Step 2: Calculate remaining fruits after sales
Apples sold = 67 $\rightarrow$ Remaining apples = $2x - 67$.
Mangoes sold = 26 $\rightarrow$ Remaining mangoes = $3x - 26$.
Half of the oranges sold $\rightarrow$ Remaining oranges = $\frac{187 - 5x}{2}$.

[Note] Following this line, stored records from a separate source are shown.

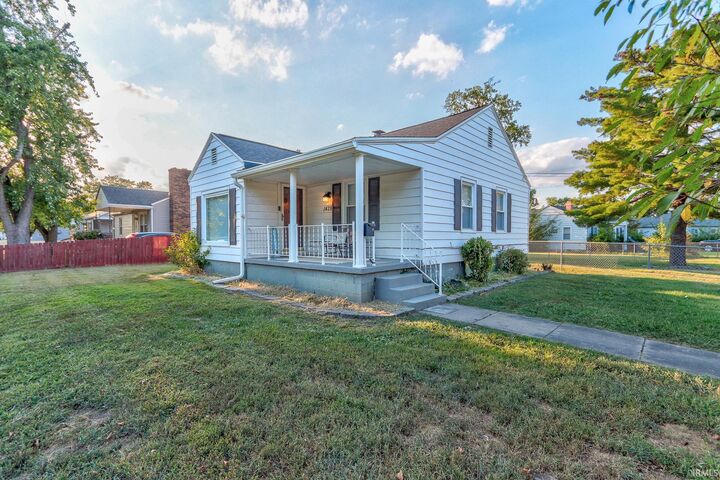 Property Photo:  1428 Monroe Avenue  IN 47714 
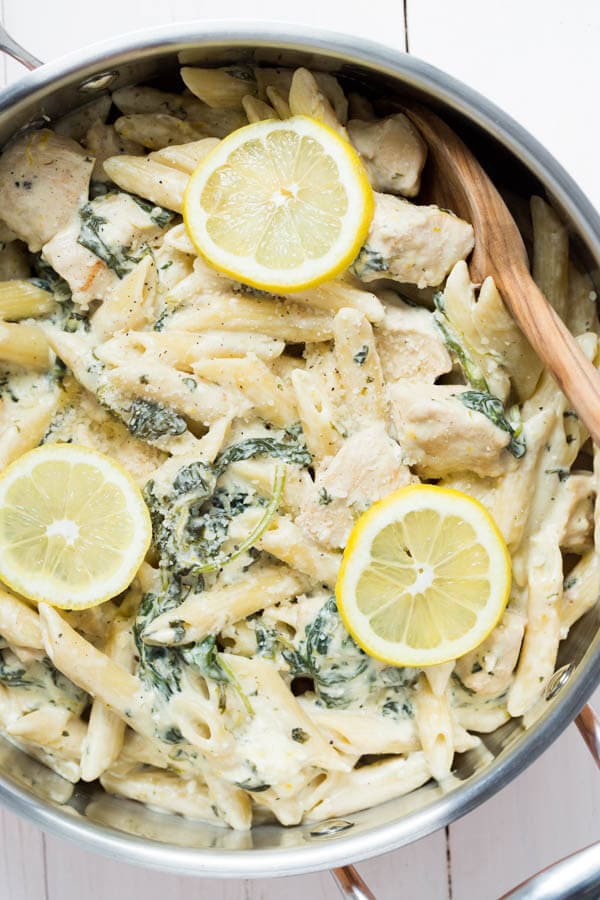 One Pot Creamy Lemon Chicken Pasta with Baby Kale - an easy, creamy and delicious meal that the entire family will love!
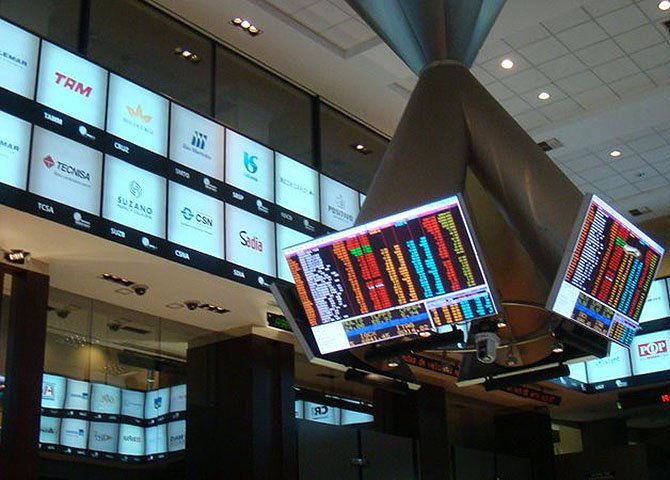 Se ela atende somente os ditames das bolsas de valores e cede à pressão do lobby da economia financeira, será a política proposta por Aécio que vai sair vitoriosa (Foto: Marilza De Melo Foucher) Se ela atende somente os ditames das bolsas de valores e cede à pressão do lobby da economia financeira, será a política proposta por Aécio que vai sair vitoriosa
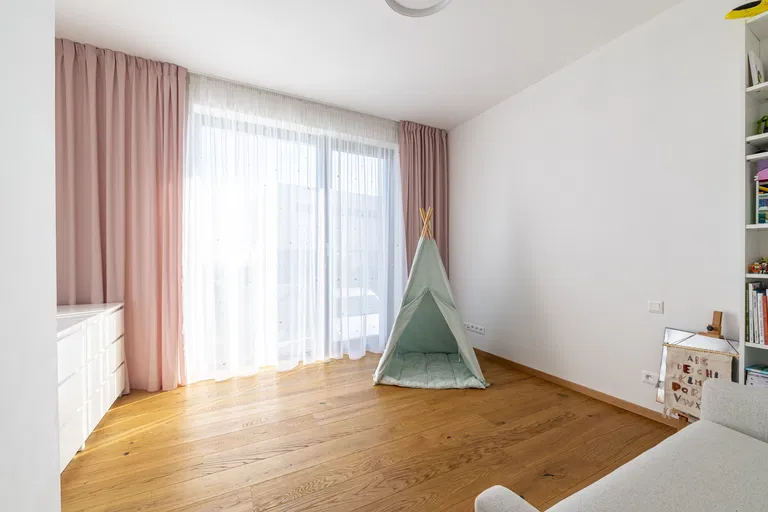 Merlotová, Nové Mesto - Bratislava III | Sale, House, Five-bedroom (6+kk), 318 m²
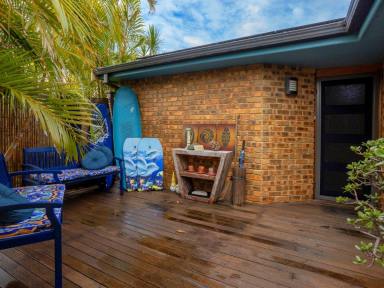 House Sold - NSW - Old Bar - 2430 - BIG, QUIRKY HOME BACKING ONTO RESERVE  (Image 2)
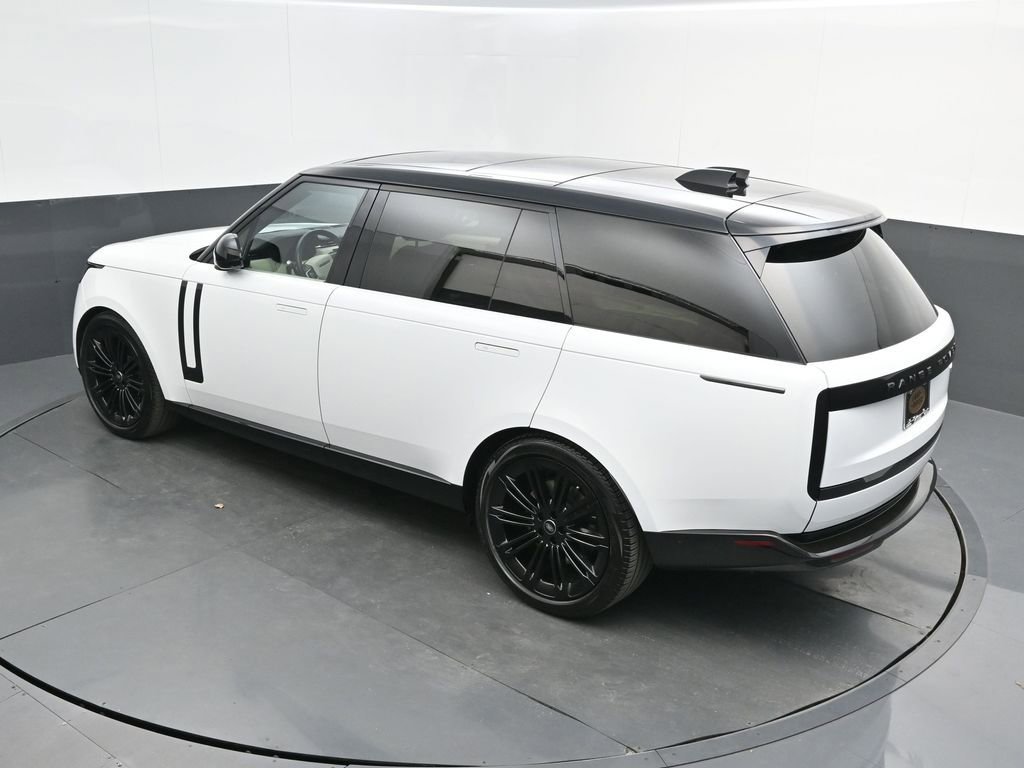 Used 2022 Land Rover Range Rover Long Wheelbase SE image 37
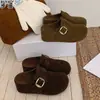 Sapatos de Couro Genuíno com Solado Espesso de 7cm para Aumento de Altura Oculto para Mulheres Baixas Sapatos Quentes de Algodão com Veludo Adicional Sapatos Birkenstock Chinelos de Dedo Fechado Mules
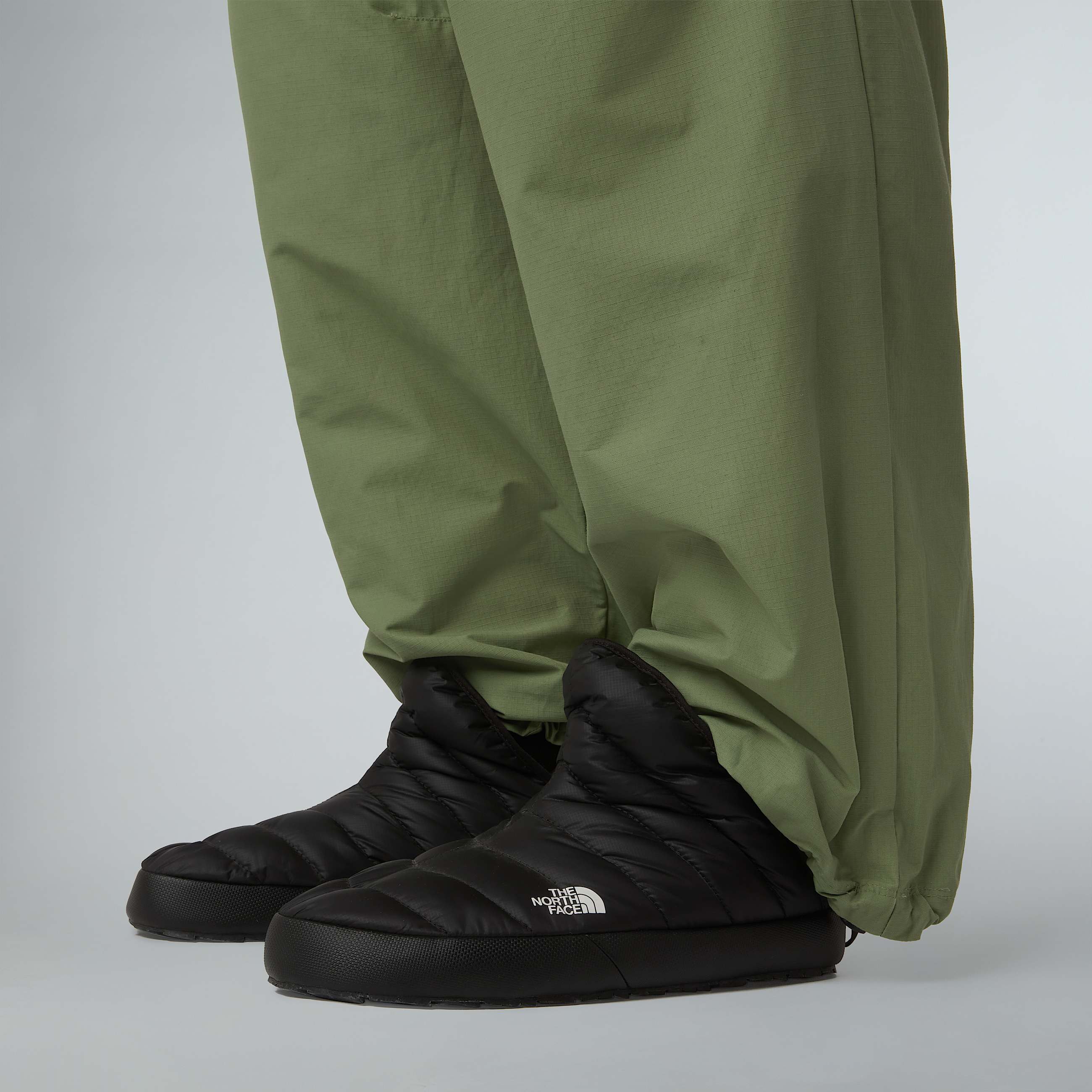 ThermoBall Traction Winter Booties M TNF ALT2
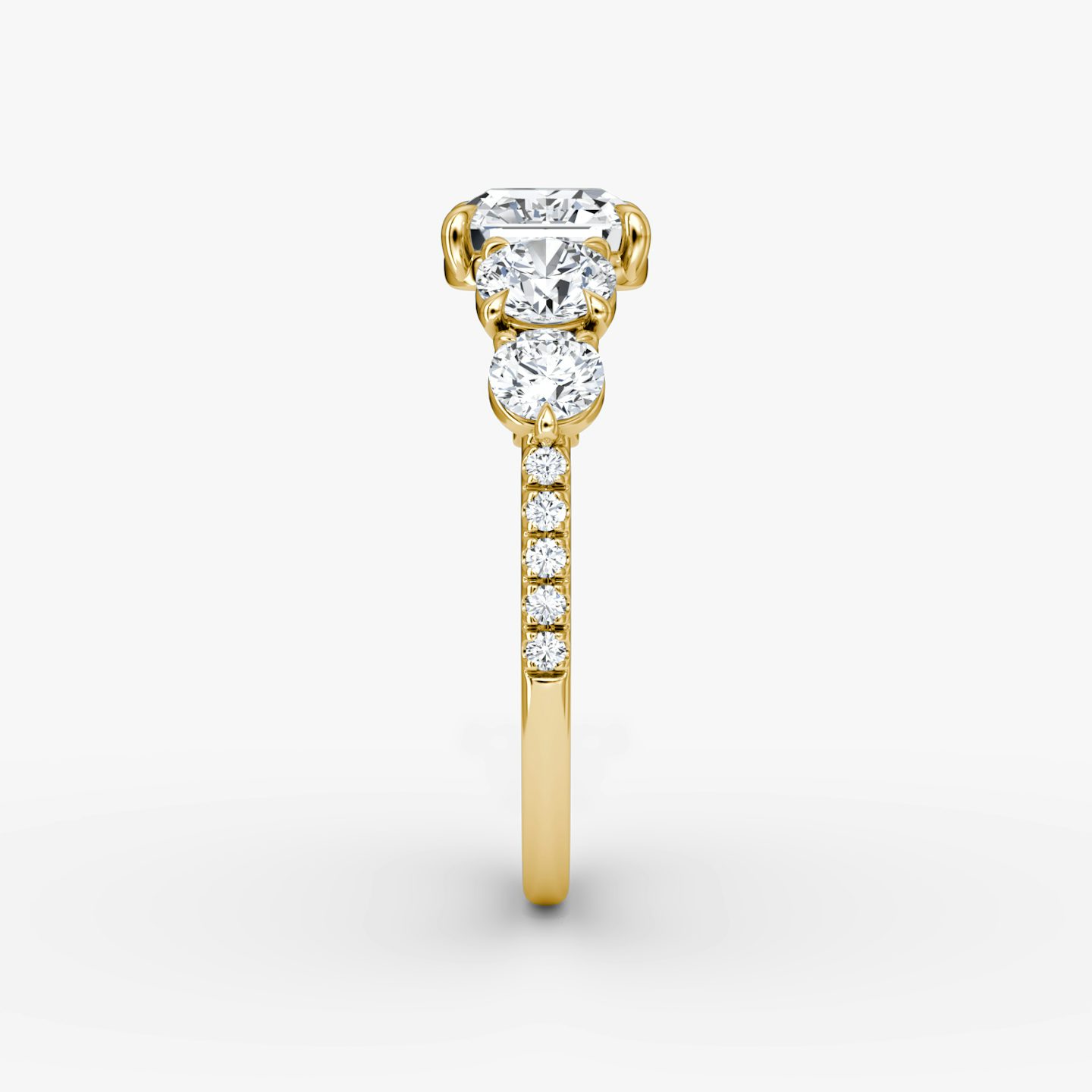 Signature Five Stone | Asscher | 18k | Gelbgold | bandAccent: Mit Pavé-Besatz | diamondOrientation: vertical | caratWeight: other
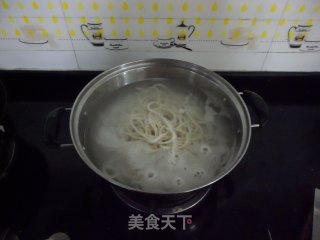 西红柿鸡蛋面的做法步骤：2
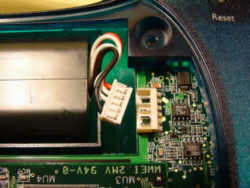 Battery connector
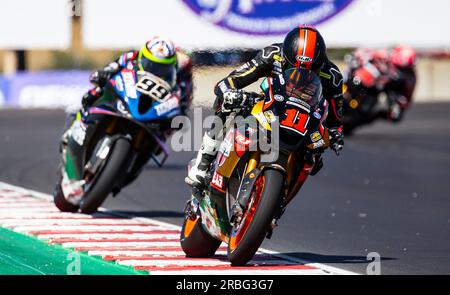 Juillet 08 2023 Monterey, CA, U.S.A Mathew Scholtz(11) sortie du tour 1RThe Mission Foods MotoAmerica Superbikes Q2 au WeatherTech Raceway Laguna Seca Monterey, CA Thurman James/CSM Banque D'Images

Step 3: Apply the ratio condition
After sales, the ratio of remaining apples to remaining oranges is $1 : 2$:
\[\frac{2x - 67}{\frac{187 - 5x}{2}} = \frac{1}{2}.\]
Step 4: Solve for $x$
Cross-multiply to simplify:
\[2 \cdot (2x - 67) = 187 - 5x.\]
\[4x - 134 = 187 - 5x.\]
Combine like terms:
\[4x + 5x = 187 + 134 \quad \rightarrow \quad 9x = 321.\]
Calculate $x$:
\[x = 35.7 \quad \text{(round down to the nearest integer, } x = 35 \text{)}.\]
Step 5: Calculate the original number of each fruit
Apples = $2x = 2 \times 35 = 70$.
Mangoes = $3x = 3 \times 35 = 105$.
Oranges = $187 - 5x = 187 - (5 \times 35) = 187 - 175 = 12$.
Step 6: Calculate the number of fruits remaining after sales
Remaining apples = $70 - 67 = 3$.
Remaining mangoes = $105 - 26 = 79$.
Remaining oranges = $\frac{12}{2} = 6$.
Step 7: Calculate the total number of unsold fruits
\[\text{Total unsold fruits} = 3 + 79 + 6 = 88.\]
Conclusion: The total number of unsold fruits is 88.